Virginia Lea received her PhD in social and cultural studies in education from the University of California, Berkeley. Virginia tries to live a commitment to greater socioeconomic, political, cultural, and educational equity, recognizing the educultural power of music, the visual and performing arts, narrative, and dialogue to bring this about. She sees her teaching, research, and scholarship as a contribution to the construction of networks of consciousness that recognize how hegemony contributes to global inequalities and develop practical ideas for transforming the institutional structures and cultural norms and values that reproduce injustice, cruelty, and inequality.
Paul R. Carr is a Sociologist and a Full Professor in the Department of Education Chair-holder of the UNESCO Chair in Democracy, Global Citizenship and Transformative Education (http://uqo.ca/dcmet/) at the Université du Québec en Outaouais (UQO), Canada. His research is broadly concerned with political sociology, with specific threads related to democracy, media literacy, peace studies, intercultural relations, and transformative change in education. He has sixteen co-edited books and an award-winning, single-author book (Does your vote count? Democracy and critical pedagogy). He is the Principal Investigator of a Social Science and Humanities Research Council of Canada (SSHRC) research project entitled Democracy, political literacy and quest for transformative education, and is co-founder of the Global Doing Democracy Research Project.
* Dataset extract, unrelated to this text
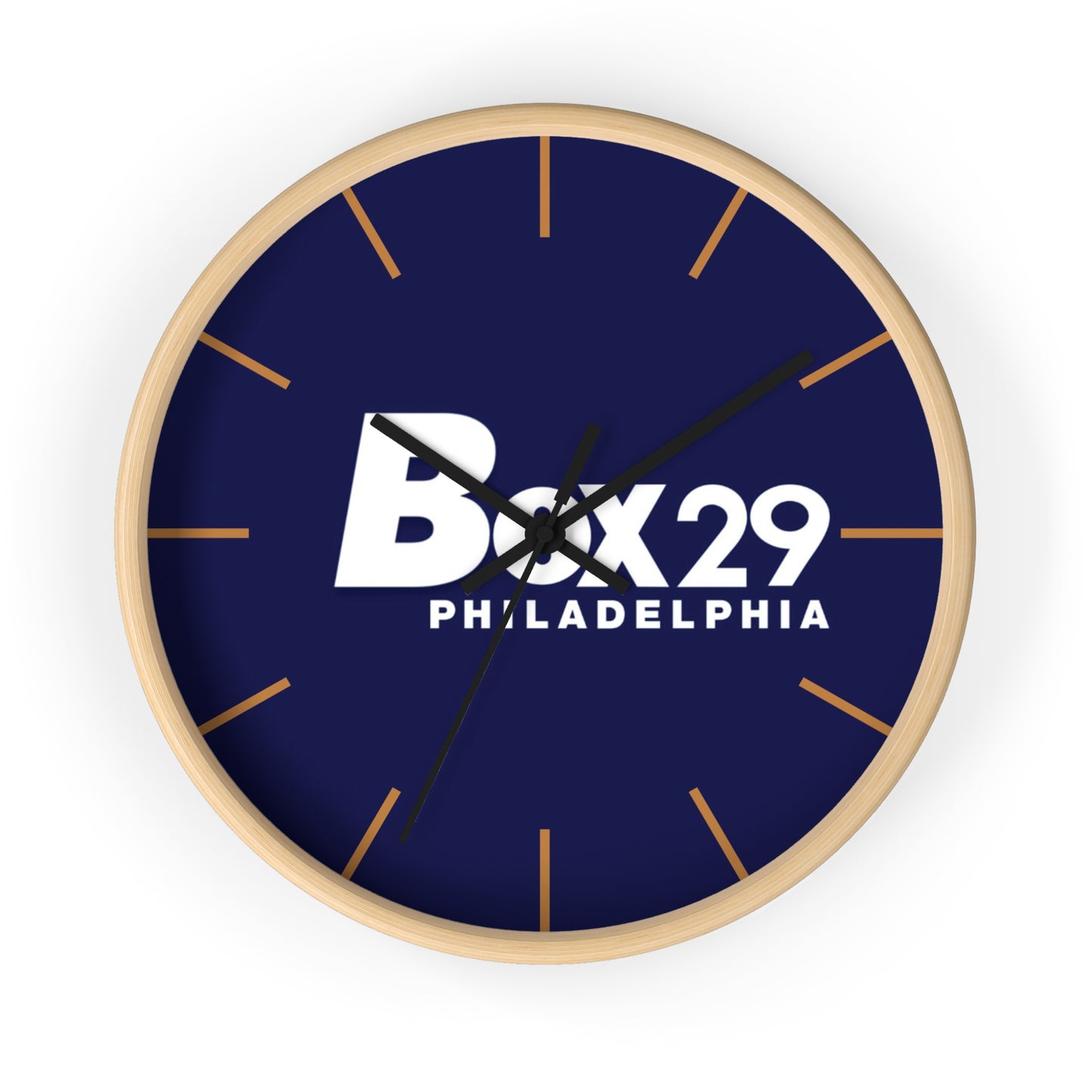 Box 29 Clock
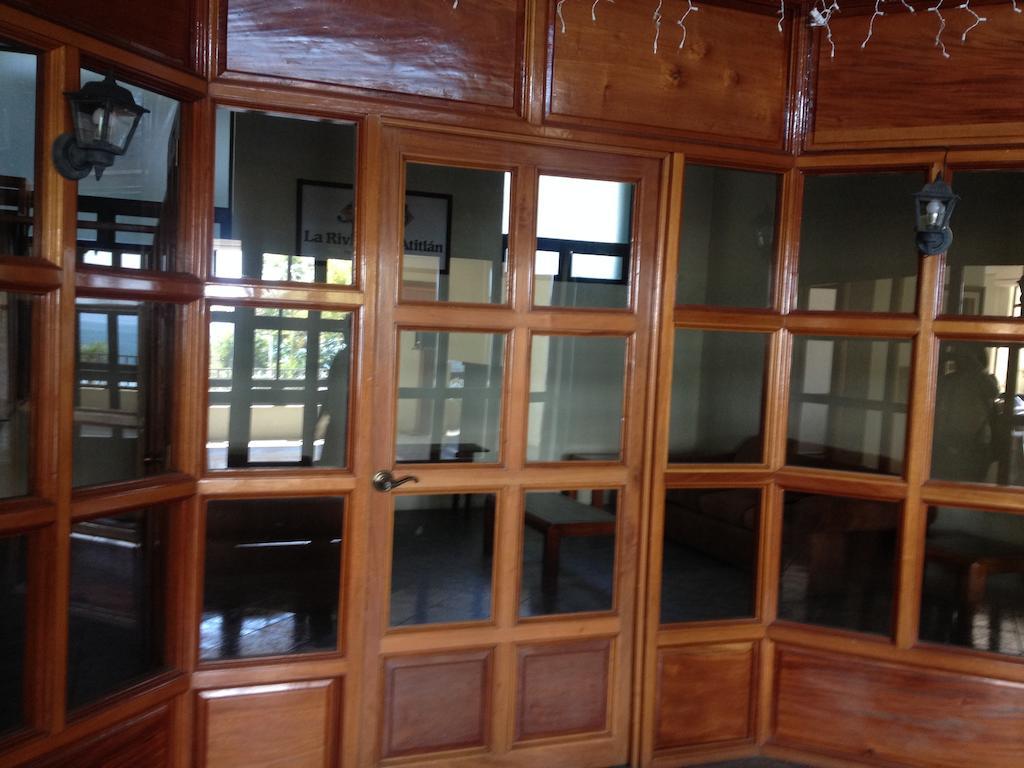 Hotel La Riviera De Atitlan 파나하첼 외부 사진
Darren E. Lund is a Professor in the Werklund School of Education at the University of Calgary, where his research examines social justice activism in schools, communities, and professional education programs. Darren was a high school teacher for 16 years, and formed the award-winning Students and Teachers Opposing Prejudice (STOP) program. Darren co-founded the Service-Learning Program for Pre-Service Teachers, winner of the national 2012 Award of Excellence in Education from the Canadian Race Relations Foundation. Darren has been recognized with a number of awards and honors, including the Alberta Teachers' Association's 2015 Educational Research Award, the inaugural 2013 Alberta Hate Crimes Awareness Award, the 2012 Scholar-Activist Award from the American Educational Research Association (Critical Educators for Social Justice), and was named a Reader's Digest National Leader in Education.
Contents: Virginia Lea: Constructing Critical Consciousness: Narratives That Unmask Hegemony, including «Race», and Ideas for Creating Greater Equity in Education - Virginia Lea: The Interrelated Hierarchy of Power ¿ Virginia Lea: Overview of Historical, Economic, Political, and Educational Hegemonic Narratives - Lawrence Charlier/Ashley Timmers: Mechanisms of Power That Mask Hegemony and Construct Identities - Dang Yang: Narratives from Research That Unveil Hegemony - Virginia R. Harris/Jean Ishibashi: Raging against Hegemony: Invited Narratives That Unmask Hegemony - Piri Ackerman-Barger/Ann Berlak/Roberta Ahlquist: Dispelling the Voices of the Powerful That Inhabit Us - Koko Jones/Patrick Allen/Sally Savas/Sydney Casey/Stephanie Amormino/Virginia Lea: Unmasking Homophobia, Colonialism, and Racism ¿ Antonio Del Prete/Babatunde Lea/Molly Ware/Mayana Lea/Janani S. Srikantahrajah: Alternative, Critical Multicultural, Abolitionist Pedagogies That Facilitate Critical Literacies.
Critical Multicultural Perspectives on Whiteness Reader aims to help us rethink "race," racism, and whiteness as narratives with deep roots in the past that contribute to the current social order, and function to reproduce the social hierarchy in which we live. The reader includes several brilliant iconic essays that address the social construction of whiteness and critical resistance, as well as excellent new critical perspectives. It is a compilation that offers new and intermediate readers in critical whiteness theory a valuable and diverse overview of the subject. It also serves as a refresher to those who have themselves contributed to this field.